Anyone who knows me or reads this blog regularly can tell you that I'm a totally sold on cloud computing. Recently, I wrote a little about MarkLogic, blogged about IaaS, and I got to thinking: MarkLogic should build an infrastructure service that runs in the Amazon's cloud, scales to Internet levels, and comes with a pay-per-use sales model.

MarkLogic's native XML database is proven, mature, and has been deployed to many companies with household names; however, they aren't cheap. They are competitively priced, but still prohibitively expensive for many companies. The product is licensed by CPU sockets (IIRC), and for a license to run on a one-CPU-socket machine is something like $10,000. That's a lot of zeros for small and medium businesses, especially when relational products that are trusted and better known like MySQL, PostgreSQL, and SQL Server are available at no cost or for pennies on the dollar compared to MarkLogic. Switching from a tried and true relational database to an unknown database product from a less known source sounds really risky to many purse-string holders. If MarkLogic provided its wares as a service that organizations could consume over the Internet on a pay-per-use basis, reluctant companies would be able to utilize MarkLogic's product in an actual program that goes to production, allowing naysayers to see that this alternative has a lot of benefits and that the risks are not as great as they fear.

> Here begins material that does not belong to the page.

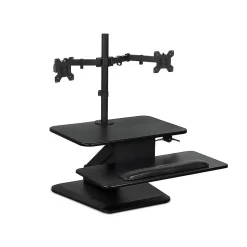Mount-It! 24"W Manual Adjustable Standing Desk Converter with Dual Monitor Mount, Black (MI-7914)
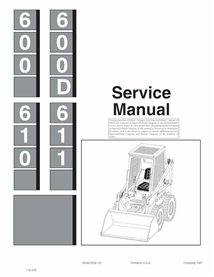 Bobcat 600, 600D, 610, 611 minicargadora manual de servicio pdf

As the software's creator, who better to create this infrastructure service? They have already used it to build a highly scalable and highly available system called MarkMail that is currently indexing and searching over 7,000 news groups. For example, they know the problems they had with caching and proxying caused by Squid which they used in their early release of the use group indexing service. They solved it, made it scale, and could do the same with a general purpose data storage service, I'm sure.

If you survey the landscape of infrastructure services running in the cloud today, you're choices are few. You have Amazon's SimpleDB, Microsoft's SQL Data Services (eventually), or Google's App Engine datastore. (There might be others, but I don't know of them.) These services all have different and proprietary interfaces. If MarkLogic were to create an alternative to these, its interface would be standard XQuery 1.0. I don't know about you, but I would find a standardized API more appealing from a business and development point of view. From the former perspective, it would assure me that I'm not writing code that is locking me into one vendor's service; from the later, it would allow me to use existing knowledge, libraries, and tools rather than forcing me to use what is provided by the vendors or forcing me to create my own.

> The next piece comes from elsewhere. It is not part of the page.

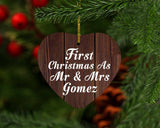 First Christmas As Mr & Mrs Gomez - Heart Ornament D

Considering some of the recent partnerships that MarkLogic's competitors IBM and Oracle have made with Amazon, I wonder if MarkLogic can afford not to, at the very least, offer a cloud-compatible license and a pricing model that allows for elastic scalability. While this would be a great first step, I'm convinced that a full blown data storage service would be adopted by many companies trying to store large amounts of semi-structured content with Internet-sized demands. If MarkLogic does go after this market, running it in Amazon's cloud rather than someone else's would be beneficial to others running in Amazon's data centers because the transfer rate of data sent within their private network is free. If MarkLogic does not provide a data storage service that is powered by a native XML datastore, supports a standardized query interface, scales to Internet levels, and is highly available, redundant, and performant, then someone else should using an open source alternative. I would be very interested in such a service regardless of who provides it.